There are 36 different rolls, which we can write as ordered pairs.

$$\Omega = \{ (x,y): x,y \in \{1,2,3,4,5,6\}\}$$

When the problem says dice, we understand that this means that each of the 36 pairs has the same probability, 1/36. We can count that there are 18 pairs in which the first die is odd, 18 pairs in which the second die is odd, and 18 pairs in which the sum is odd.

$P(A)=\frac{1}{2}$, $P(B)=\frac{1}{2}$. $P(C)=\frac{1}{2}$.

Also, $P(A\cap B)=P(\text{both are odd})=\frac{9}{36}=\frac{1}{4}$. We note that$P(A\cap C)=P(B\cap C)=\frac{1}{4}$.

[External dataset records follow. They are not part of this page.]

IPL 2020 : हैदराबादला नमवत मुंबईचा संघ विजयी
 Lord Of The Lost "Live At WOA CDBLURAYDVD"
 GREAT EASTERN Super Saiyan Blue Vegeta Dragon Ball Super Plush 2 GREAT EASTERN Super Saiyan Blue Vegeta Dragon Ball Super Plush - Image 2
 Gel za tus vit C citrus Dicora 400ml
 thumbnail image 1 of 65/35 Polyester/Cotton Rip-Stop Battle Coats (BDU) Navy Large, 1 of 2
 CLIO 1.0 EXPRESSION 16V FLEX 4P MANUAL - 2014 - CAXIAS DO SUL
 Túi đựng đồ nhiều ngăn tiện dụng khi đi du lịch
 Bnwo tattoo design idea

Since $P(A\cap B) = 1/4 = P(A)P(B)$, events A and B are independent. By the same argument, B and C are independent and A and C are independent.

For A B and C to be mutually independent, we would need $P(A\cap B\cap C) = P(A)P(B)P(C)$.

However, the left hand side is $P(A\cap B\cap C) = P(\text{both are odd, but the sum isodd}) = P(\emptyset)=0$. By contrast, the right hand size is $(1/2)(1/2)(1/2) = 1/8$.

Since $P(A\cap B\cap C)\neq P(A)P(B)P(C)$, the events are not independent.